My first job’s CEO told me he almost always just throws away applications from the best university in that area for exactly that reason.
Just because you went through a lot of school does not mean you know what to do in the workplace.
I also interviewed a guy for a Japanese company who had a Master’s. I felt he had the skills and I gave him a pass, but then he ended up asking for too much of a salary and didn’t get the job. He was 6 years older than myself and unemployed, struggling to make ends meet, and being interviewed by someone 6 years younger than himself who had dropped out of high school.
At my current workplace another person started on the same day as myself, but he had a Bachelor’s.
My salary is double his because all the time he spent studying I spent working. He had to take a lesser position until he gains enough actual workplace experience to graduate up to my position.
Ultimately you are just going to spend a lot of money on an education that has no meaning only to find that you are 28 (after a Master’s degree?) and living on a 21-year-old’s salary. Regardless of your education, you start with an entry-level salary, so you may as well actually be 21 when you have such a salary.

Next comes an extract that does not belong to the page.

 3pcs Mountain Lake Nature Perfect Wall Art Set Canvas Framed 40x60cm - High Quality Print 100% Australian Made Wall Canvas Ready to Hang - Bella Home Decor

To put it frankly, a 28-year-old with 7 years of work experience will 100% always get the job before a 28-year-old with nothing but school on his or her belt.
If you want to get a Master’s, go be a doctor. This is not the industry for that. We care about results, not education.
I myself dropped out of high school in order to get an early start on actual workplace experience and as such I currently travel the world programming video games. The janitor has a higher level of education than myself.
My salary and desirability are based on my actual performance, not education.